__WORK INSTRUCTIONS__
What is needed is an exact reproduction of the lines in the records below, starting at the line with "flowing water decorative tattoo idea" and ending at the line with "Glowing Sound Key", both included, and nothing else; pictures stay out.

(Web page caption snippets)
--- --- ---

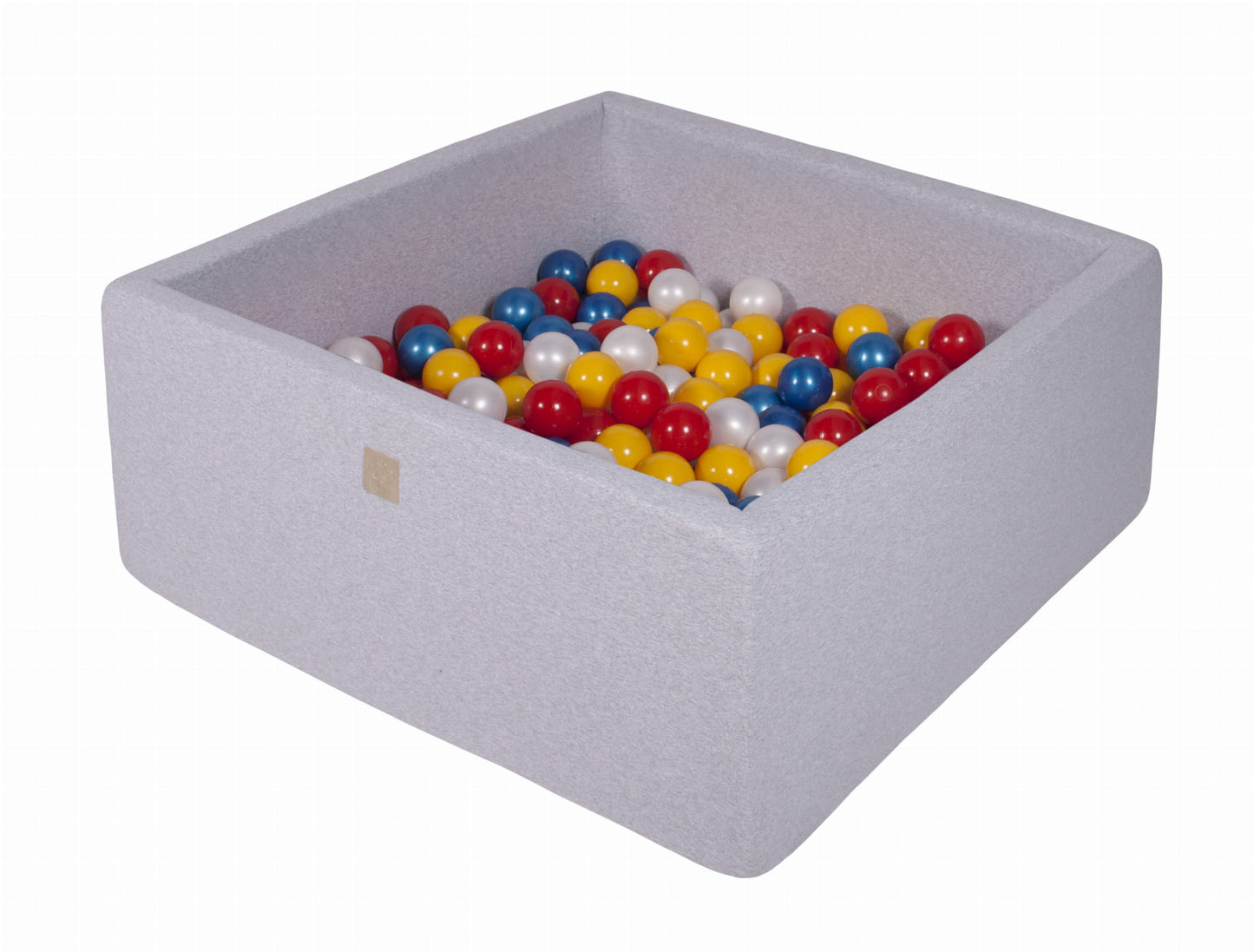 Square Ball Pit With 400 Balls, 110x110x40cm, Light Grey, Cotton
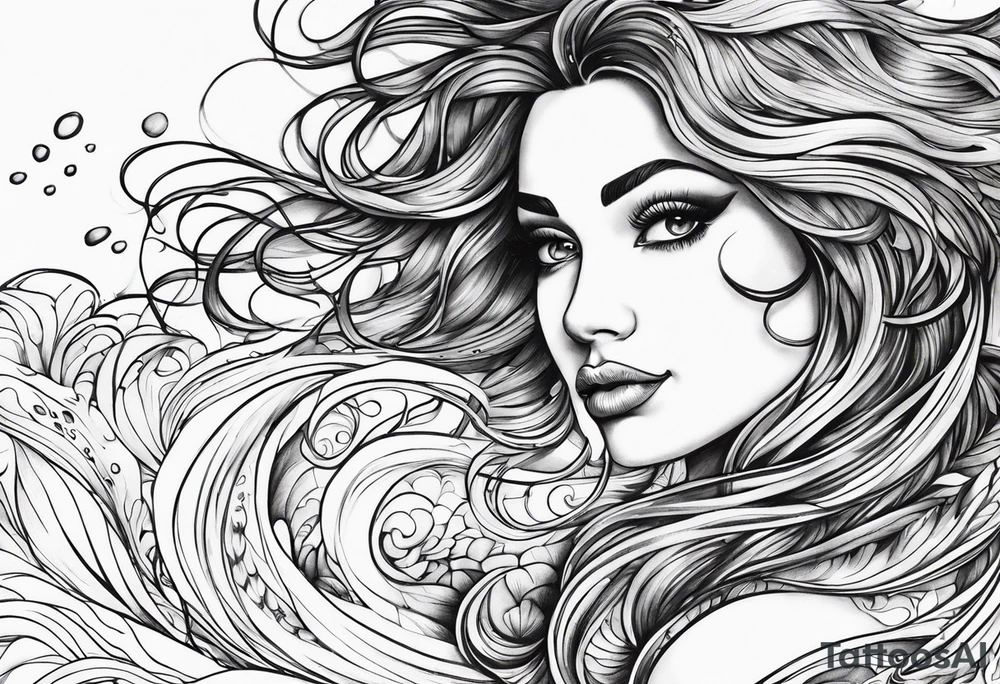 flowing water decorative tattoo idea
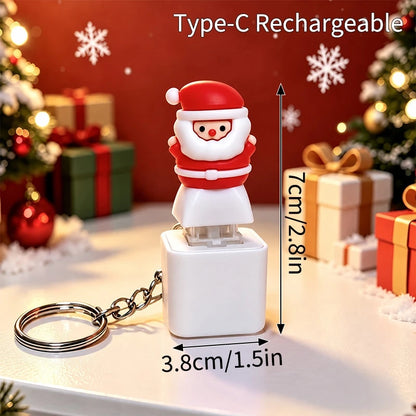 Glowing Sound Key Cap Keychain Halloween Pumpkin Ghost Witch Press Keyring Christmas Santa Snowman Pendant Party Favor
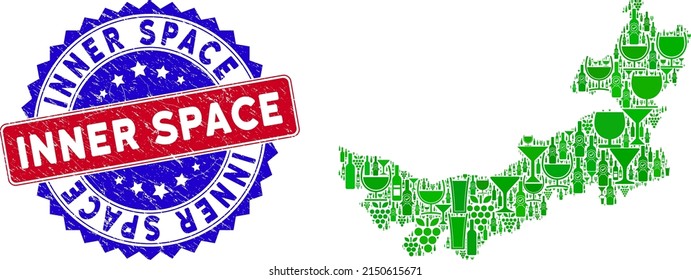 Vector collage of wine Chinese Inner Mongolia map with grunge bicolor Inner Space seal stamp. Red and blue bicolored badge with distress surface and Inner Space slogan.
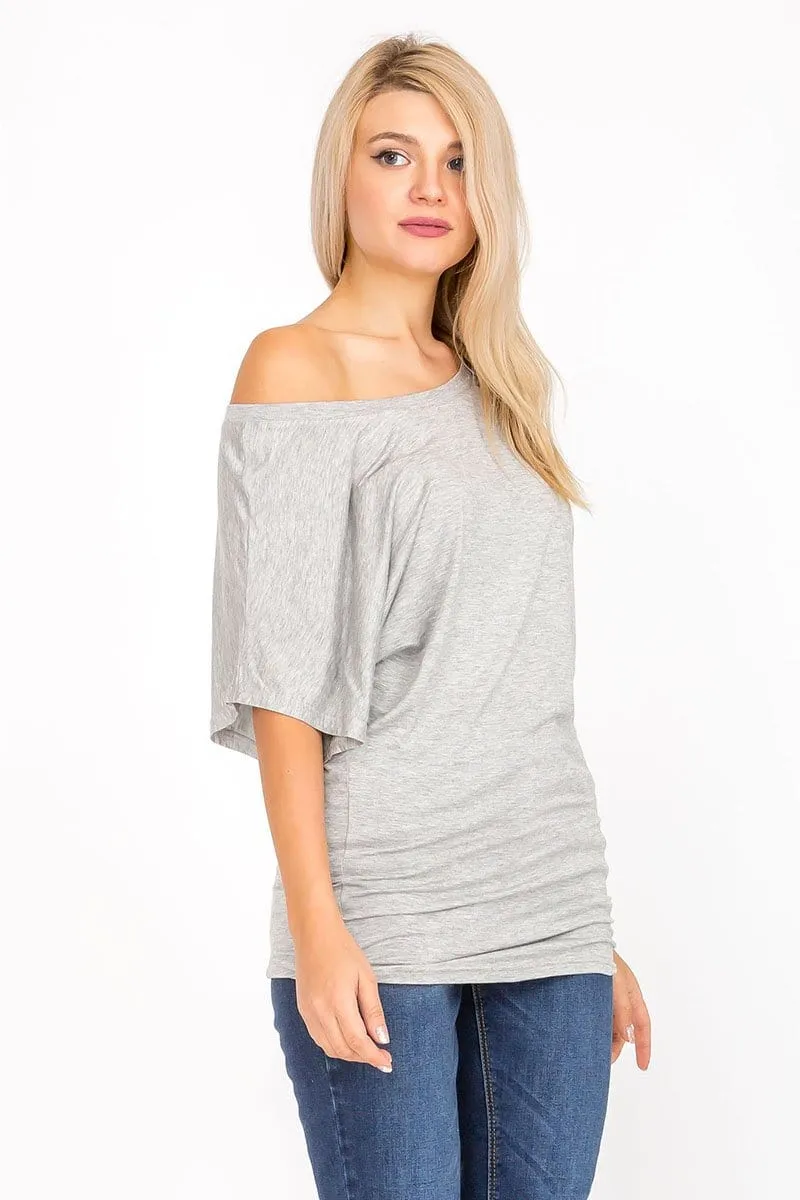 Soft Knit Boat Neck Short Sleeve Dolman Tunic Top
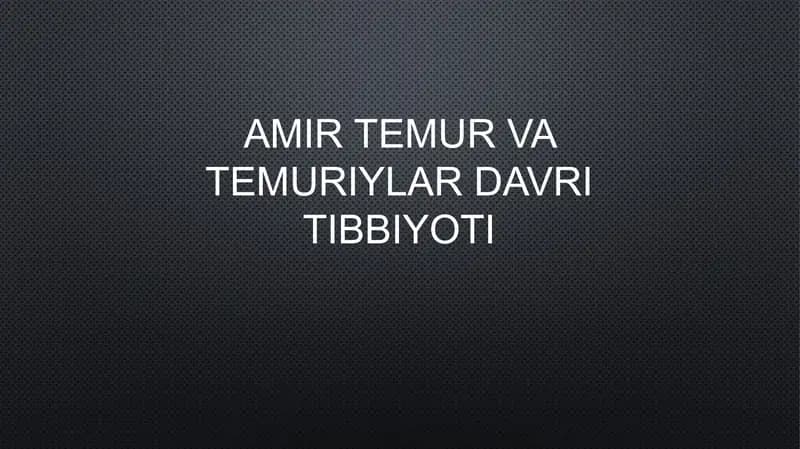 Temuriylar davrida tibbiyot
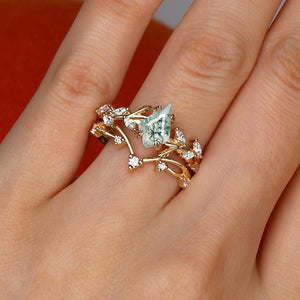Nature Kite Cut Moss Agate Leafy Cluster Engagement Ring Sets 2pcs.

--- --- ---

__OUTPUT OF THE EXERCISE__
 flowing water decorative tattoo idea
 Glowing Sound Key Cap Keychain Halloween Pumpkin Ghost Witch Press Keyring Christmas Santa Snowman Pendant Party Favor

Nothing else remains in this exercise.